Sorry about the long post, I just had to vent LOL. And I really know pretty much what I want to do, I just wanted to get input on whether it's understandable that I'm so annoyed. Are her questions and requests inappropriate? And is it normal/understandable that I'm a little ticked by them? It mostly bothers me because she and her husband seem to be trying to take advantage of me and feel that they're entitled to things which would burden ME.|||I'd avoid taking in this type of roommate. You shouldn't have to come down in rent at all. If you've set a firm price, then that should be it. There should be no room for negotiation.





Do you have an ad or flyer? You should make one, post it on your door or other places that have bulletin boards. Require a deposit and after the rent amount, put FIRM.





You don't want to be stuck with a deadbeat who can't or won't pay their fair share. It's not fair to you.

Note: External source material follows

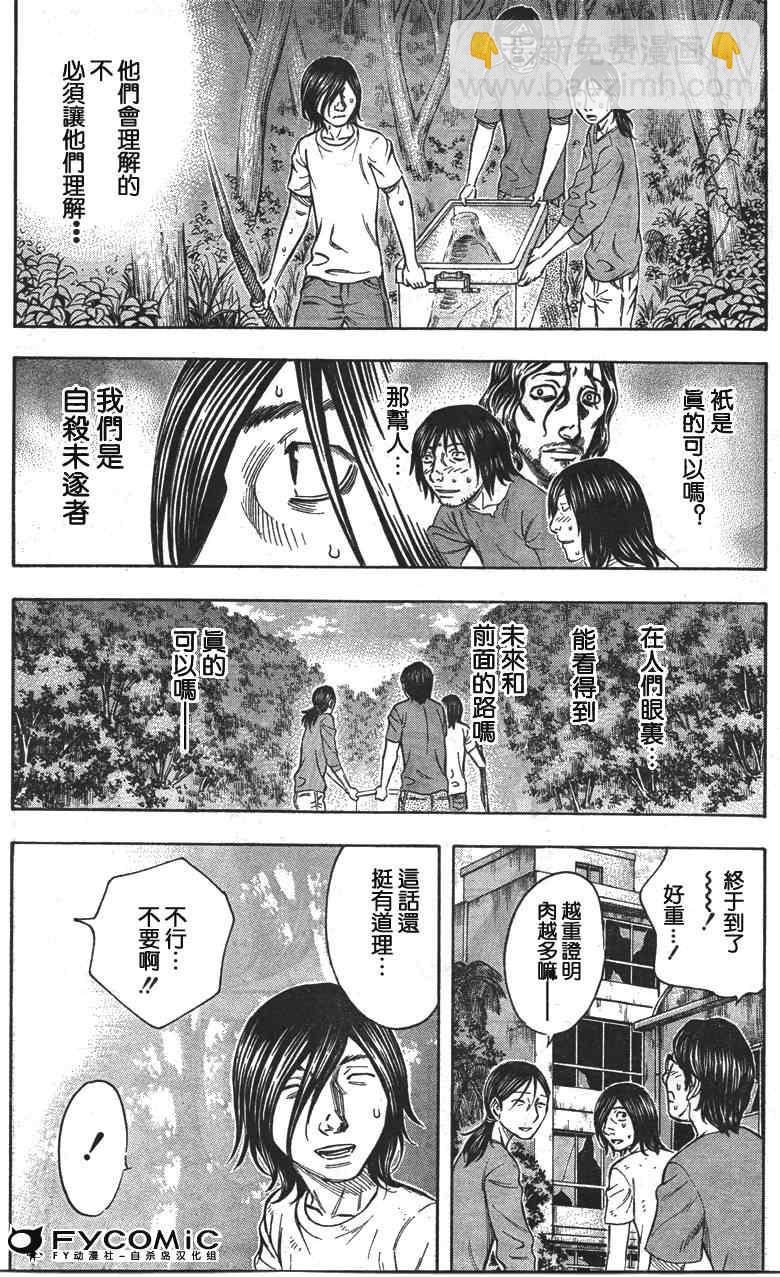 《自杀岛》第32话 第6页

I'd get rid of the problem before it turns into one.|||Don't rent to her. it is very inappropriate that she is being disrespectful of what you already told her. No way I would rent to some one like that|||I wouldn't touch this deal with a ten-foot pole. These people Do. Not. Have. Any. Money.|||DO NOT let her live with you.|||Be aware that if you accept her as a tenant, this is what you are going to have to deal with. Personally, unless I were absolutely desperate to rent (and probably not even then) I would politely tell her this evening that you don't think that you are going to get along well as roommates, so you will not be renting her the room. Otherwise I can pretty much guarantee that you will never see any money, and will have to go to eviction to get her out of your place. There are other fish out there, so I'd pass on this one.|||Too many red flags. Pass on renting to her. If you let her move in, you WILL regret it.|||No - trust your gut. Anytime you have a bad reaction to someone, you need to abide by it, as there is usually a good reason why you don't feel comfortable. Keep looking for a roommate who

is more to your liking.|||Do not give her a key unless she pays up everything! She is clearly a user!